Published in The Film Journal, Issue 13, 2006.
Dan Sallitt is a filmmaker and film writer living in New York. He was
the film critic for the Los Angeles Reader, and his writings have
appeared in the Chicago Reader, Slate, Wide Angle, Senses of Cinema, the
Nashville Scene, the Minneapolis City Pages, and other venues.
Barabbas (1962), one of the most impressive films directed by Richard Fleischer, was adapted from Nobel Prize winner Par Lagerkvist’s 1950 novel, which had already been the basis of a good 1953 film by the Swedish director Alf Sjoberg.

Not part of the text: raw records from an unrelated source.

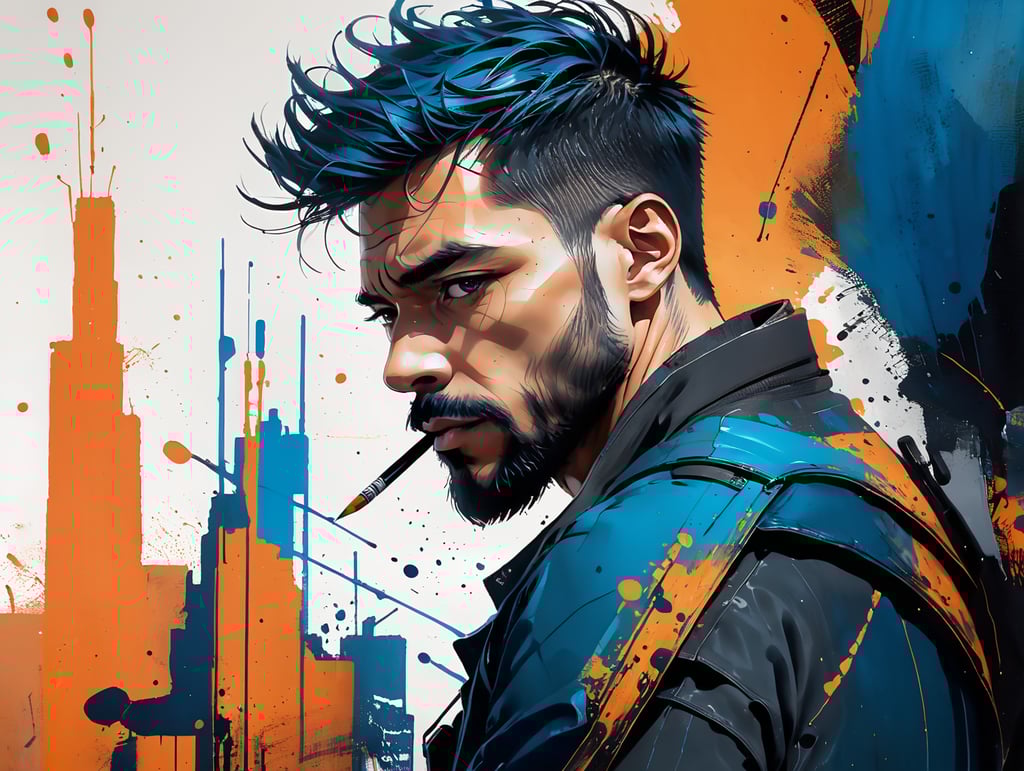 Человек стиль графика. Черный и синий цвет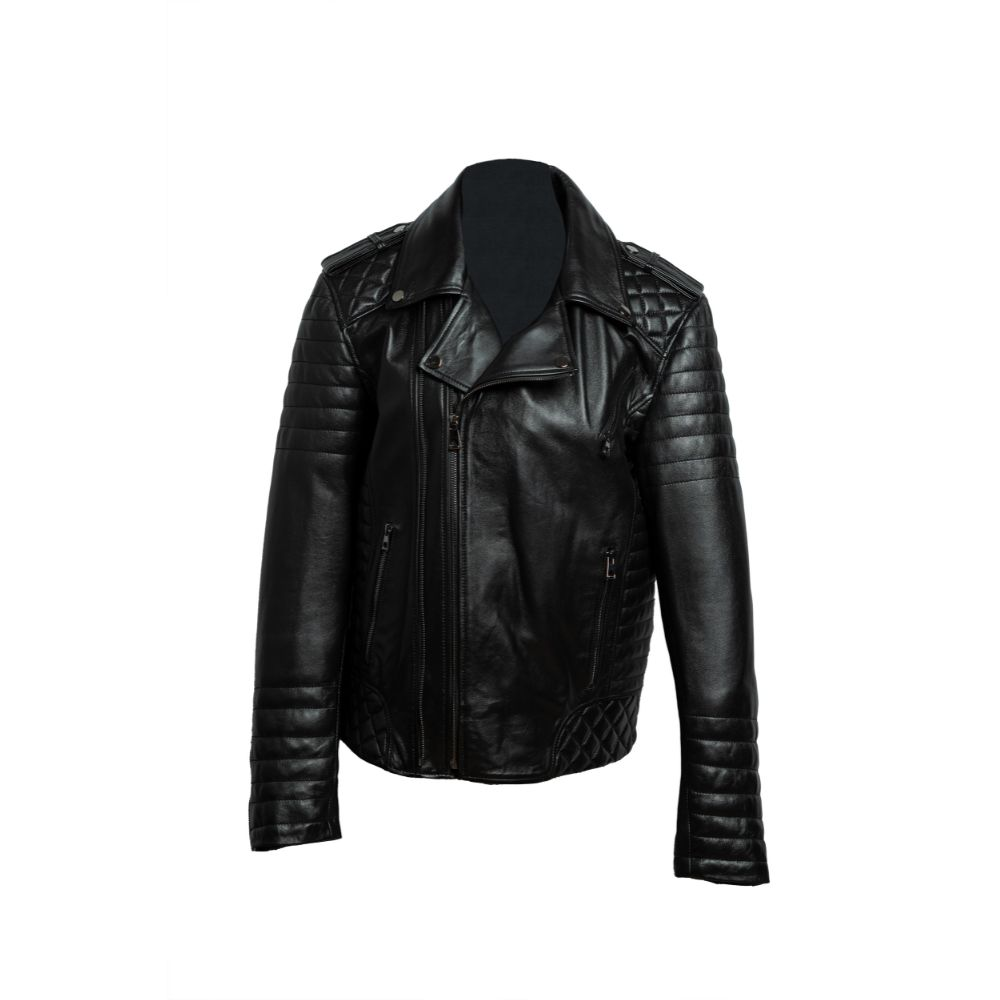 Chaqueta Biker Cruzada y Acolchada de Hombre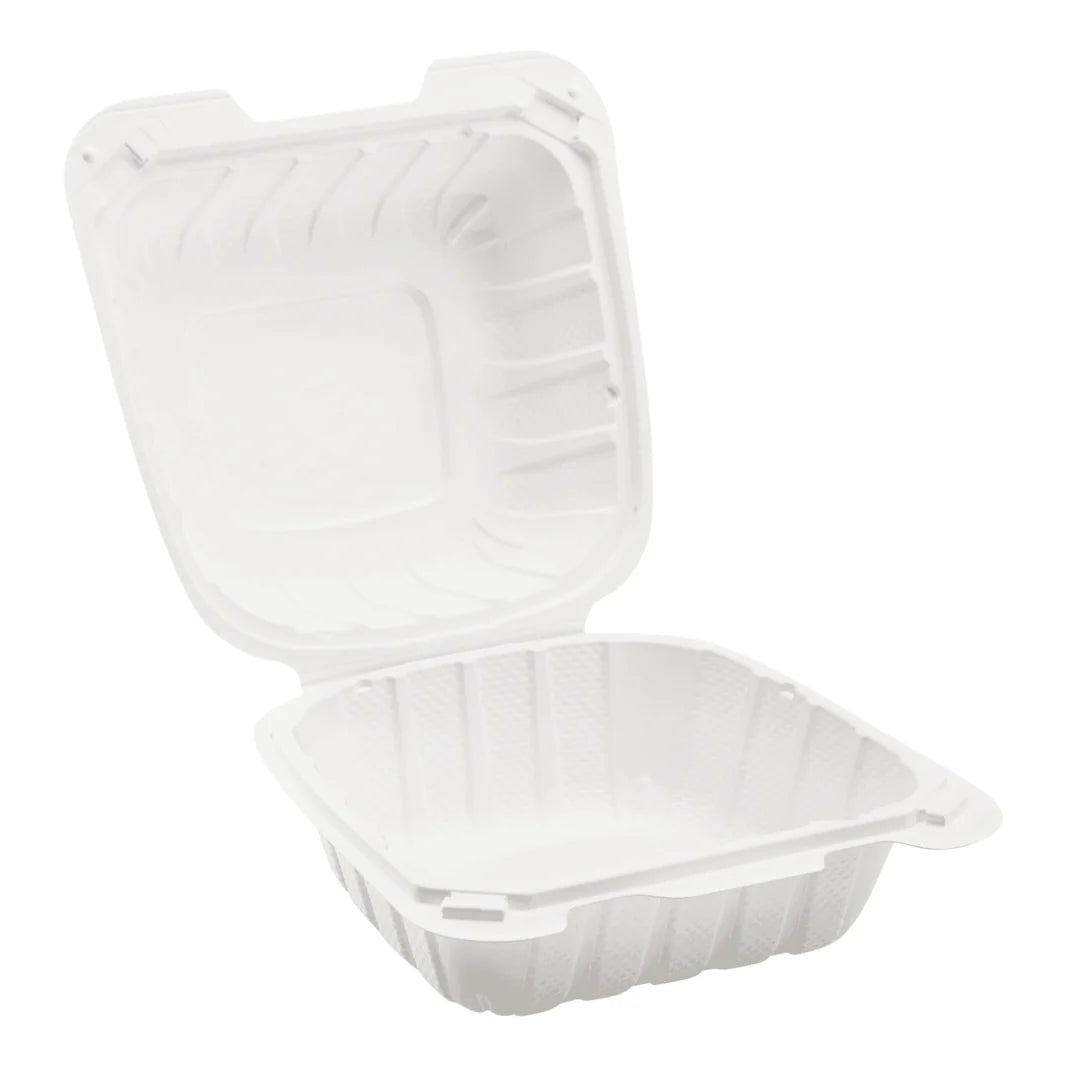 6" x 6" Mineral Filled PP Hinged Container, White
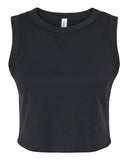 Women's micro rib muscle crop tank in Black, White, Heather Gray, Pink and Sage stretch rib fabric for lifestyle wear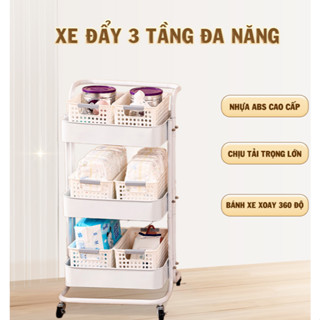 Xe Đẩy Spa 3 Tầng Đa Năng - Kệ để đồ bỉm sữa (XDT01)
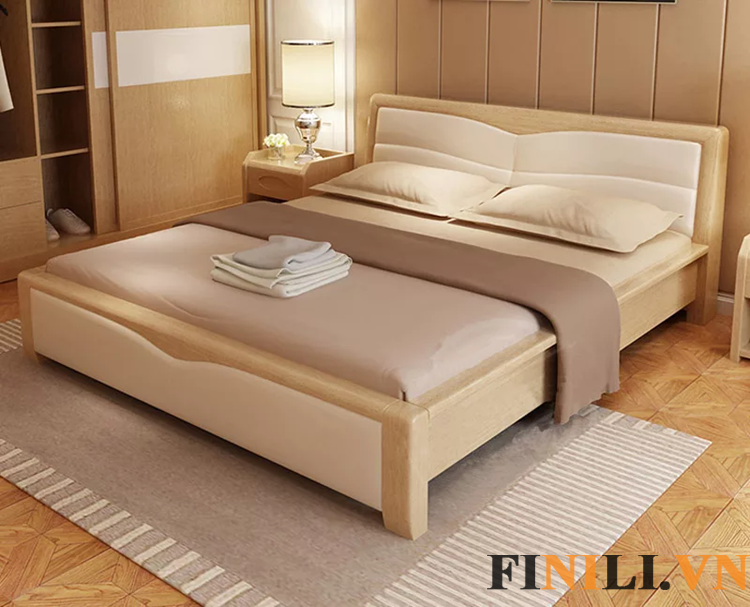 Giường ngủ bằng gỗ được gia công trơn bóng nhẵn mịn 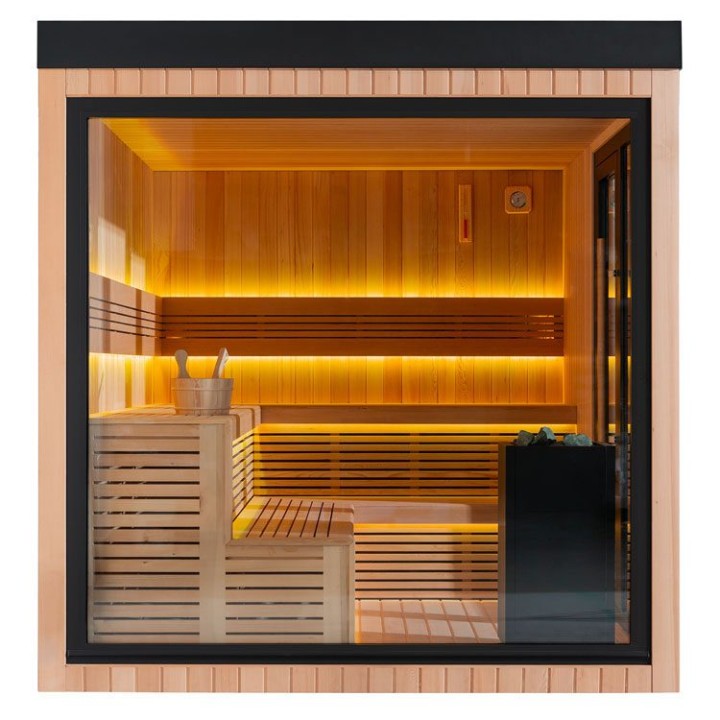 Zahradní sauna EAGO AWT Saunahaus THE CUBE X7-L hemlock 300×235 12 kW EOS Cubo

Lagerkvist’s material is too distinctive to be overridden by a directorial personality: it comes with a powerful and lucid emotional orientation and an unusual storytelling strategy. It is inspired by the familiar New Testament story of Barabbas, the criminal whom the people of Jerusalem pardoned in preference to Jesus of Nazareth. In Lagerkvist’s tale, Barabbas is an unthoughtful and brutal man who is nonetheless emotionally affected by his proximity to Christ’s life and death. Troubled by the idea that the man who went to death in his place might have been God, he spends 20 turbulent years torn between his anger at the growing cult of Christianity and his unacknowledged desire to believe and atone.
The material is not marked by skepticism: it posits Christ’s divinity as a truth that exerts a powerful magnetic force on the souls that come in contact with it. Paradoxically, the very strength of Lagerkvist’s ideological conviction gives him the freedom to challenge the assumptions that underlie commercial storytelling.
The historical narrative of Barabbas is the growth of Christianity and its triumph in the face of persecution. This story line is carried forward by secondary characters: the apostle Peter (Harry Andrews) and the Christian Sahak (Vittorio Gassman) who accompanies Barabbas through the Roman sulfur mines and gladiator camps. Barabbas himself (Anthony Quinn), the story’s central consciousness, is outside of this historical narrative because of his internal struggle: he is rendered essentially an observer, a figure who witnesses the truth of Christ’s divinity and exposes the viewer to his philosophical attempts to explain away or to understand. Because he is not invested with ideological authority by the film, he is capable of more surprise and more freedom than a Christian protagonist would be (for instance, we do not know whether he will spare or execute the fallen gladiators under his sword), though neither he nor the audience is permitted to enjoy his freedom wholeheartedly.
Lagerkvist suggests but does not enact the archetypal story of conversion, wherein the protagonist’s narrative eventually becomes one with the historical narrative of Christianity. The phantom archetype of the conversion story threatens time and again to obtrude, but each time it is driven away, bathing the film in sadness (the desolating scene of the scratching away of the cross from Barabbas’s slave medallion; the abject, genocide-provoking failure of Barabbas’s attempt to burn Rome). At times, Barabbas seems to want to assert his own narrative, a gangster or action film story, over the religious narrative: “A man can understand this,” he says when he and Sahak are consigned to the gladiator camps. But of course he cannot be the undivided protagonist he wants to be. Perhaps the conversion narrative finally triumphs in the film’s last shot of Barabbas’s own passion on the cross—and perhaps not. Like Barabbas, we are given no clear sign: we see only a man dying, as he has lived, in conflict.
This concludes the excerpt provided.